Large‐eddy simulations (LES) with the new ICOsahedral Non‐hydrostatic atmosphere model (ICON) covering Germany are evaluated for four days in spring 2013 using observational data from various sources. Reference simulations with the established Consortium for Small‐scale Modelling (COSMO) numerical weather prediction model and further standard LES codes are performed and used as a reference. This comprehensive evaluation approach covers multiple parameters and scales, focusing on boundary‐layer variables, clouds and precipitation. The evaluation points to the need to work on parametrizations influencing the surface energy balance, and possibly on ice cloud microphysics.

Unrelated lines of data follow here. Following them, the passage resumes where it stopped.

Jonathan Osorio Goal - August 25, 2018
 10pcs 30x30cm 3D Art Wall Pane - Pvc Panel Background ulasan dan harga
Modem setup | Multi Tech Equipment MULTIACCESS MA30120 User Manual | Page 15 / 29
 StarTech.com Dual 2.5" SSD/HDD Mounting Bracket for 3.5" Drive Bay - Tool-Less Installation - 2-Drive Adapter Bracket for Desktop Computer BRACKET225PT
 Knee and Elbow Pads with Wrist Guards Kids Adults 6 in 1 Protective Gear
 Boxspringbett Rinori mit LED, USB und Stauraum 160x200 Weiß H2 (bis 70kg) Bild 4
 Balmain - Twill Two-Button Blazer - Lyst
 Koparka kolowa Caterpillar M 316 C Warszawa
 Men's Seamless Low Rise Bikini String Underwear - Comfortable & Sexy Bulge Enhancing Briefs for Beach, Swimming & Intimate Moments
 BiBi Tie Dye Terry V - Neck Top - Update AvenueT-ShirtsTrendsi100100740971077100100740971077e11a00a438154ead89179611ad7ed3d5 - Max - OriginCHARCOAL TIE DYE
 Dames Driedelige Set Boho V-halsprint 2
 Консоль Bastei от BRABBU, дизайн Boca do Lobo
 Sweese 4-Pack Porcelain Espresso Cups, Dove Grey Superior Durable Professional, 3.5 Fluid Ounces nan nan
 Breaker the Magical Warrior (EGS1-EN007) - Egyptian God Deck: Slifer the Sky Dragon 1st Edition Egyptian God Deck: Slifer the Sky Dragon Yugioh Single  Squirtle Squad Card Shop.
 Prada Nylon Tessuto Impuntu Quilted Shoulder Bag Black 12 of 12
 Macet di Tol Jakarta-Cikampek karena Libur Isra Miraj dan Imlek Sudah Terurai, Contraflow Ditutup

The central purpose for the development and application of ICON in the LES configuration is the use of simulation results to improve the understanding of moist processes, as well as their parametrization in climate models. The evaluation thus aims at building confidence in the model's ability to simulate small‐ to mesoscale variability in turbulence, clouds and precipitation. The results are encouraging: the high‐resolution model matches the observed variability much better at small‐ to mesoscales than the coarser resolved reference model. In its highest grid resolution, the simulated turbulence profiles are realistic and column water vapour matches the observed temporal variability at short time‐scales. Despite being somewhat too large and too frequent, small cumulus clouds are well represented in comparison with satellite data, as is the shape of the cloud size spectrum. Variability of cloud water matches the satellite observations much better in ICON than in the reference model. In this sense, it is concluded that the model is fit for the purpose of using its output for parametrization development, despite the potential to improve further some important aspects of processes that are also parametrized in the high‐resolution model. Visible images of (top row) MODIS satellite (200 m resolution) and (middle row) synthetic radiances based on simulations with 156 m (625 m in the rightmost column) resolution using the new ICOsahedral Non‐hydrostatic (ICON) model for four simulated days in spring 2013. Bottom row: zoom into North Sea coastal region, 24 April (white dashed box in panel a). This is one of several approaches to evaluate the new ICON model using multiple observations with a focus on clouds and precipitation.